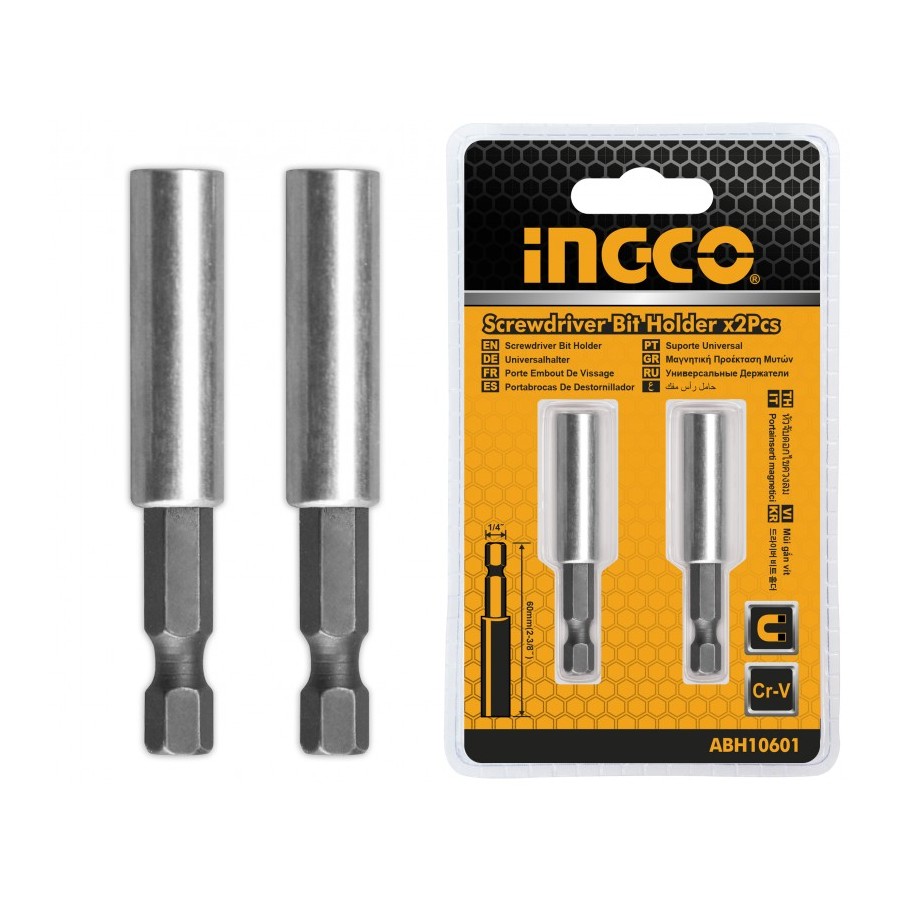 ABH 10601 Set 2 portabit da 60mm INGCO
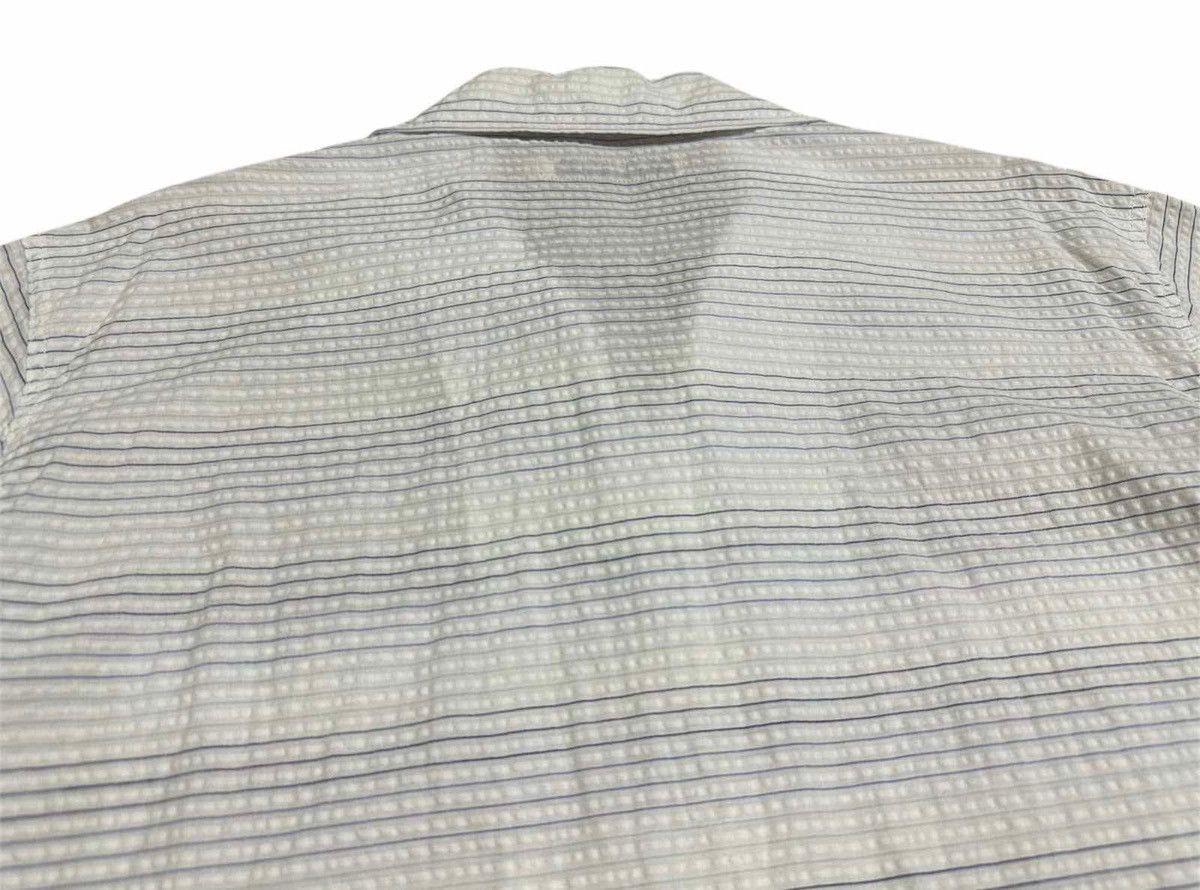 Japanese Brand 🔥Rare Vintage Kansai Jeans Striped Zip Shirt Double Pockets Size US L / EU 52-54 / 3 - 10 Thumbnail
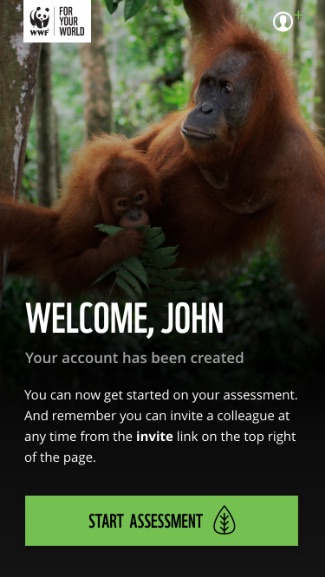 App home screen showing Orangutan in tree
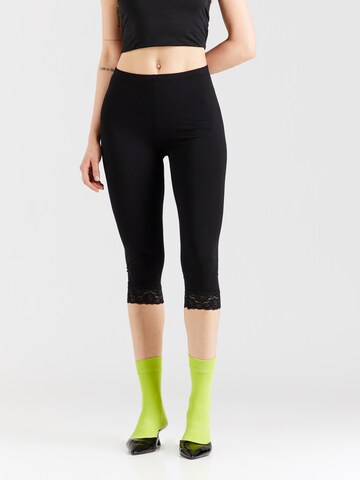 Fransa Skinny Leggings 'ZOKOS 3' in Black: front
______
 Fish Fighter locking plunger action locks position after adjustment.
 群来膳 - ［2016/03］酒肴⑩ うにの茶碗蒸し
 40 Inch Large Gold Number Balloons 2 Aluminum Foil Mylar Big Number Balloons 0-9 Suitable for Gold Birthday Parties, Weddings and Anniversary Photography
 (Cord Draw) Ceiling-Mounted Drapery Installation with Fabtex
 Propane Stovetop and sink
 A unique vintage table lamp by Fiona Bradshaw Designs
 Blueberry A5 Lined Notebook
______
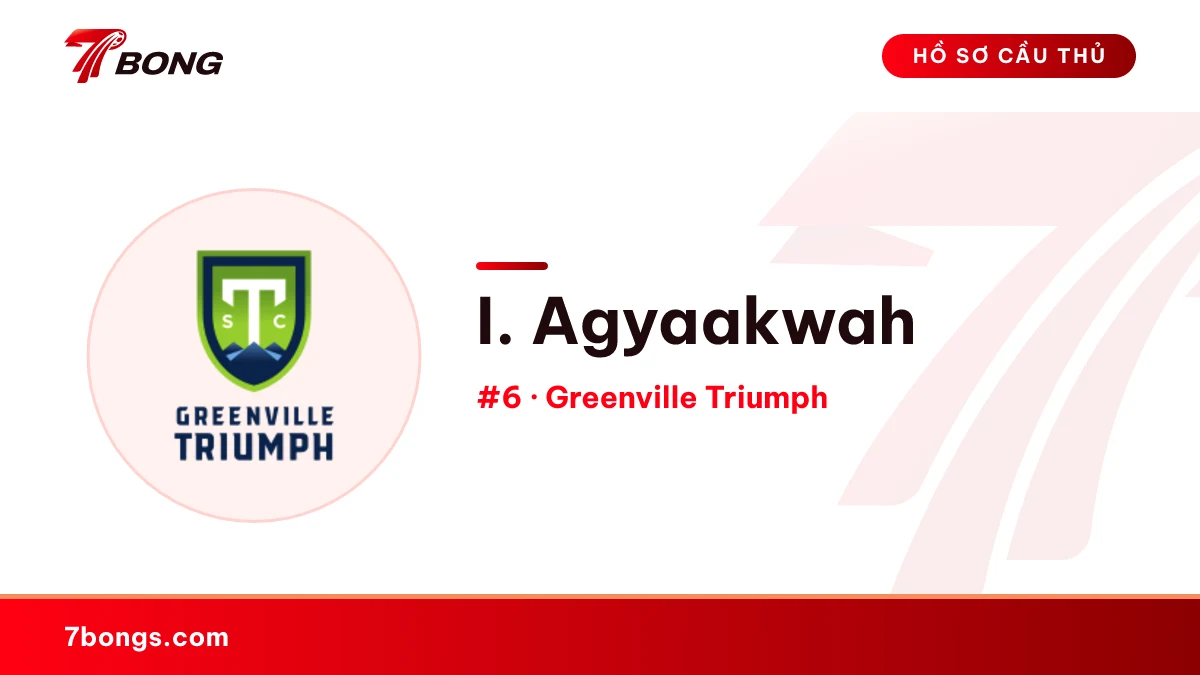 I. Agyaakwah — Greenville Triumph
______
Exactly as written above, retype the lines starting at the one holding "ABH 10601 Set 2 portabit da 60mm INGCO" and ending at the one holding "Fransa Skinny Leggings", both included, but not the pictures.

= SOLUTION TO THIS PROBLEM =
 ABH 10601 Set 2 portabit da 60mm INGCO
 Japanese Brand 🔥Rare Vintage Kansai Jeans Striped Zip Shirt Double Pockets Size US L / EU 52-54 / 3 - 10 Thumbnail
 App home screen showing Orangutan in tree
 Fransa Skinny Leggings 'ZOKOS 3' in Black: front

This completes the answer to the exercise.